_THE DATA_
_____

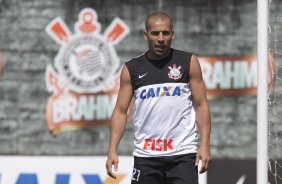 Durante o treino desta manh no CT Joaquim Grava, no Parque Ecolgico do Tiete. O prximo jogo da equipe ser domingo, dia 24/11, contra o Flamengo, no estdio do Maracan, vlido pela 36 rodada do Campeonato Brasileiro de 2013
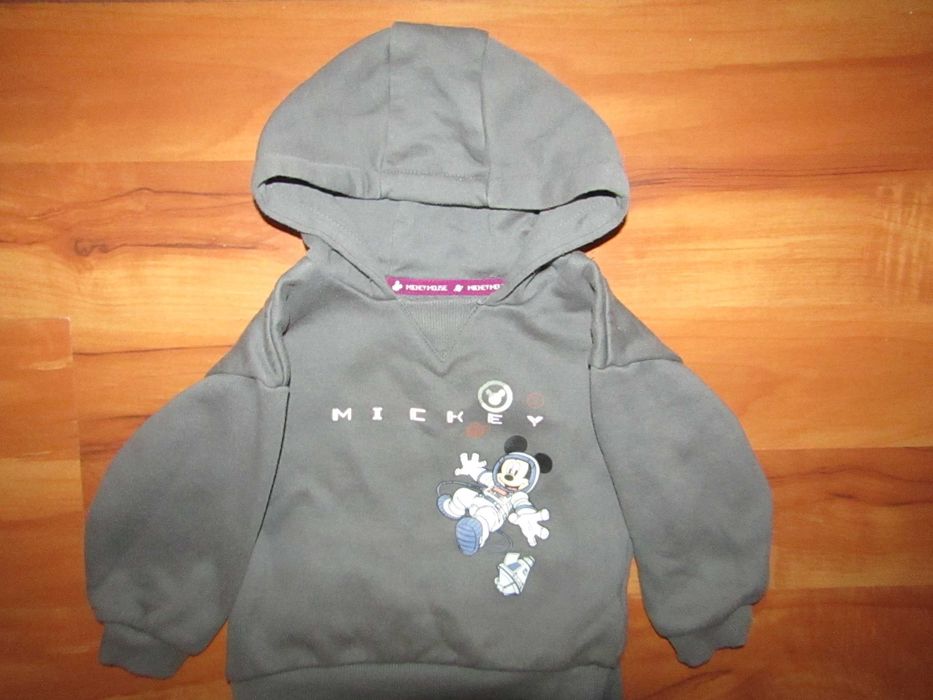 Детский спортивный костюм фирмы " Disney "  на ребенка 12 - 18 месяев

_____

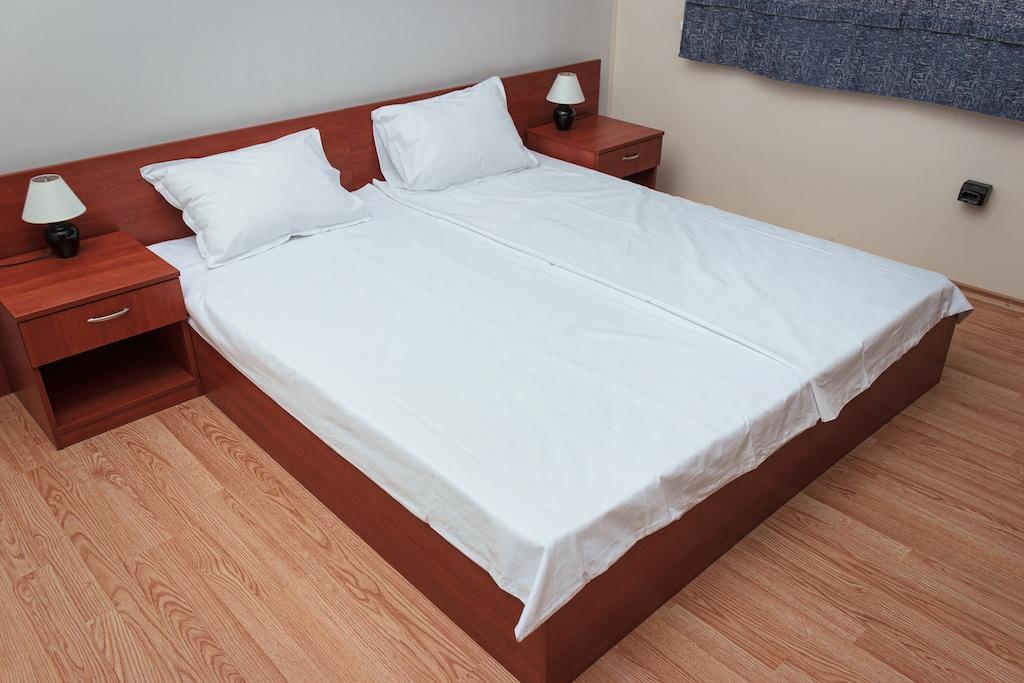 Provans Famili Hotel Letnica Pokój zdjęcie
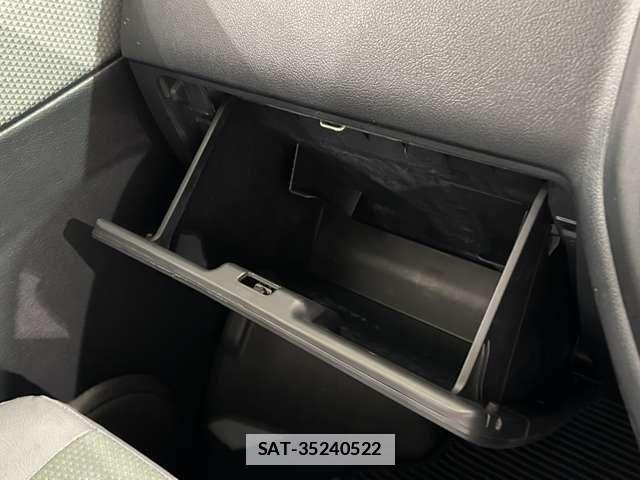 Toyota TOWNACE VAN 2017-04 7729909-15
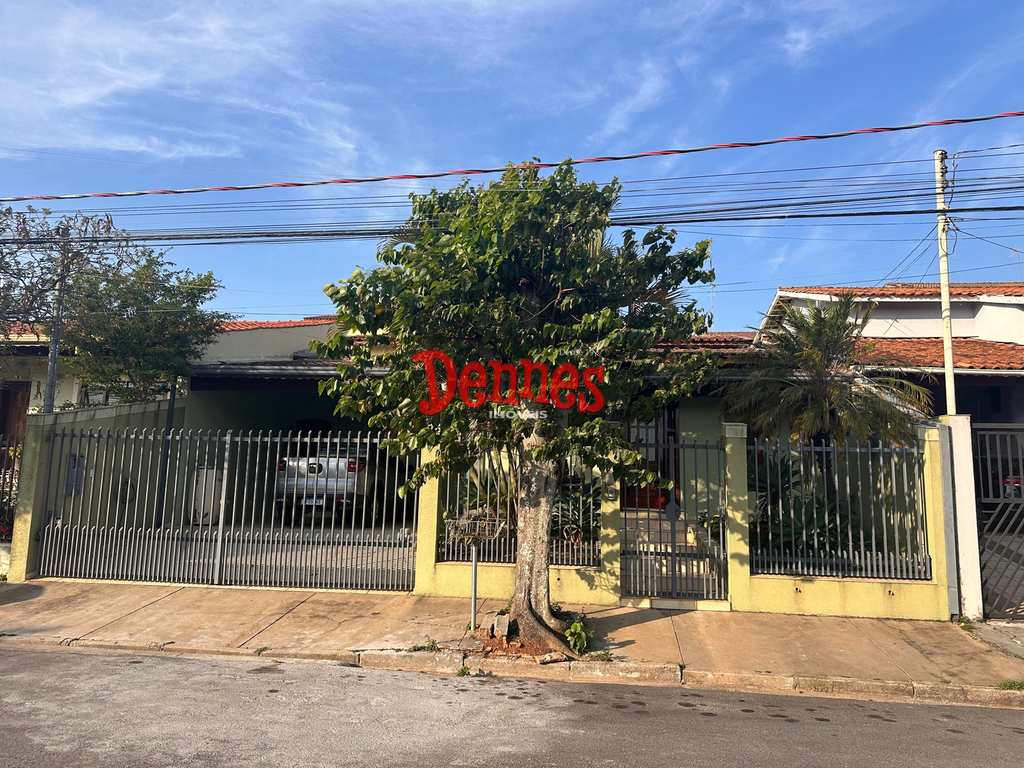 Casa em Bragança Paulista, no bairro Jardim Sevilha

_____

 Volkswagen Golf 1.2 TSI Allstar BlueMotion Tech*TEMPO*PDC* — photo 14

_____

The data above holds the lines to copy: start at the one with "Durante o treino", stop at the one with "Детский спортивный костюм", include both, copy them exactly without pictures, and copy nothing else.

 Durante o treino desta manh no CT Joaquim Grava, no Parque Ecolgico do Tiete. O prximo jogo da equipe ser domingo, dia 24/11, contra o Flamengo, no estdio do Maracan, vlido pela 36 rodada do Campeonato Brasileiro de 2013
 Детский спортивный костюм фирмы " Disney "  на ребенка 12 - 18 месяев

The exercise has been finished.